Add and initialize an instance of the NetworkHelper object and change the Start method of the MeteorsManager class:
/// <summary>
/// Start the meteors' rain
/// </summary>
public void Start()
{
if ((networkHelper.NetworkGameSession == null) ||
(networkHelper.NetworkGameSession.IsHost))
{
// Initialize a counter
elapsedTime = TimeSpan.Zero;
// Add the meteors
for (int i = 0; i < STARTMETEORCOUNT; i++)
{
AddNewMeteor();
}
}
}
This way, only the server is able to add new meteors, and when a new meteor is added you must send a message to inform the client. This message contains the attributes of a meteor. It has the header 'M' and the message Index, Position, Horizontal Speed, Vertical Speed.
Then change the AddNewMeteor method to send a message with the other attributes of the new meteor:
/// <summary>
/// Add a new meteor in the scene
/// </summary>
/// <returns>the new meteor</returns>
private Meteor AddNewMeteor()
{
Meteor newMeteor = new Meteor(Game, ref meteorTexture);
newMeteor.Initialize();
meteors.Add(newMeteor);
newMeteor.Index = meteors.Count-1;
// Send the new meteor info to the client
if ((networkHelper.NetworkGameSession != null) &&
(networkHelper.NetworkGameSession.IsHost))
{
networkHelper.ServerPacketWriter.Write('M'),
networkHelper.ServerPacketWriter.Write(newMeteor.Index);
networkHelper.ServerPacketWriter.Write(newMeteor.Position);
networkHelper.ServerPacketWriter.Write(newMeteor.XSpeed);
networkHelper.ServerPacketWriter.Write(newMeteor.YSpeed);
}b
return newMeteor;
}
And again handle this message in the HandleServerData event of the ActionScene class so that a new meteor is added to the client's meteor list:
case 'M':
int index = networkHelper.ServerPacketReader.ReadInt32();
Vector2 position =
networkHelper.ServerPacketReader.ReadVector2();
int xspeed = networkHelper.ServerPacketReader.ReadInt32();
int yspeed = networkHelper.ServerPacketReader.ReadInt32();
meteors.AddNewMeteor(index,position,xspeed,yspeed);
break;
Now, the motion as well as the addition of new meteors are synchronized with the client.
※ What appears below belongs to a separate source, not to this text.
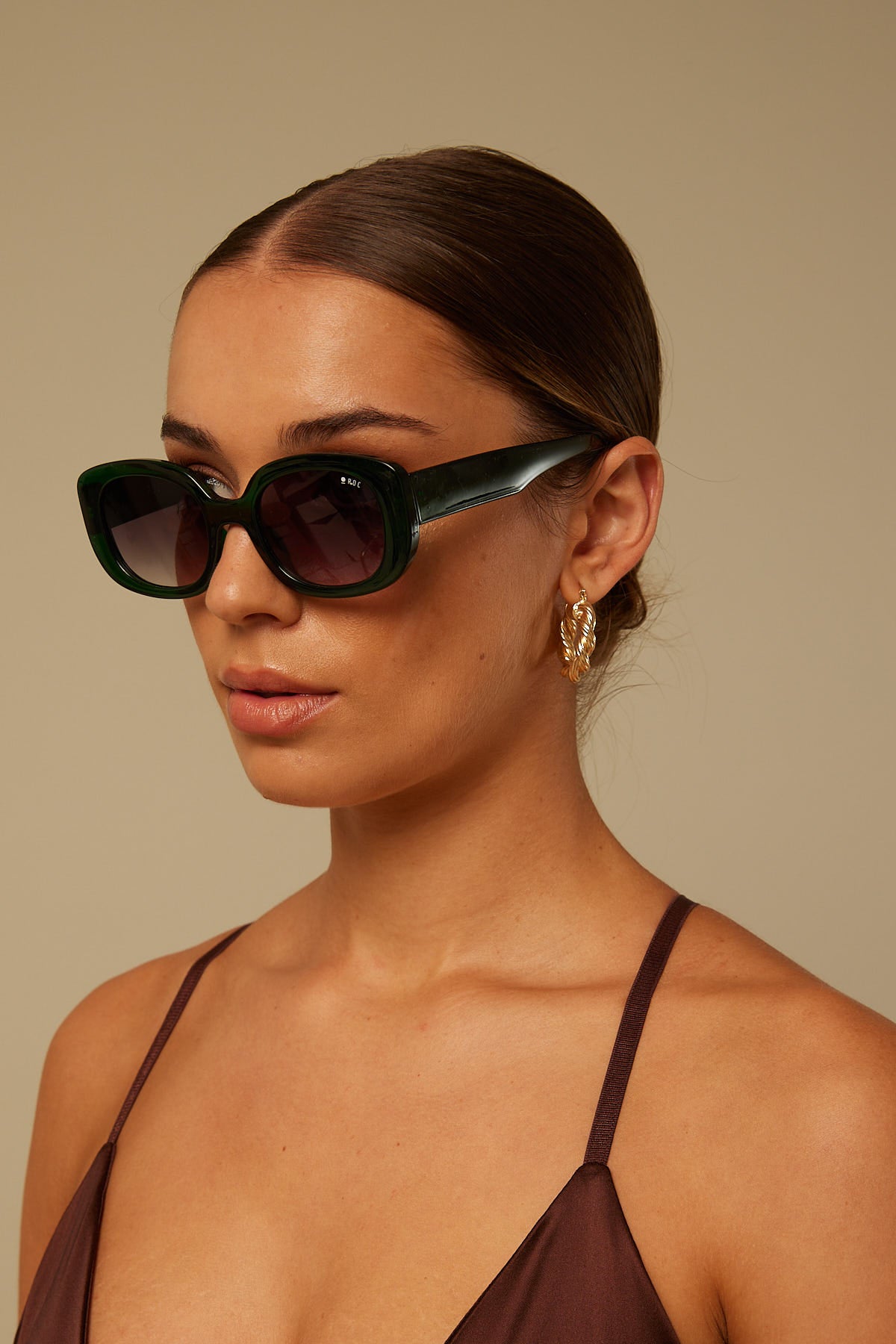 Roc Eyewear Raw Wish Lime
There's still a third point where the game state is changed: when the Update method checks if it's necessary to add a new meteor. Only the server can execute this operation, so change the method as follows:
// Only the server can add new meteors
if ((networkHelper.NetworkGameSession == null) ||
(networkHelper.NetworkGameSession.IsHost))
{
CheckforNewMeteor(gameTime);
}
That's it! All the objects are now synchronized. The server will control all the game state and send it to the client so it keeps the game synchronized. The client will receive all the messages and change the status of its objects according to the content of these messages, to maintain an online match, just as if you were beside your opponent. Figure 6-3 illustrates the message traffic between the players. Now call that friend of yours who lives in Japan for a Rock Rain match!
Figure 6-3. The chat between server and client
Summary
This chapter covered the basic principles of how to plan and create an online multiplayer game. Correct definitions for the protocol and sending messages are essential for keeping the game state synchronized between the various players. XNA offers powerful classes so that this work becomes simple, and you don't need to worry about the details of sending and receiving data through the network.
How about adding a new feature to send messages between the players? How about adding support for three or four players? If you try, you'll see that it's not that hard to make Rock Rain a massive multiplayer online game.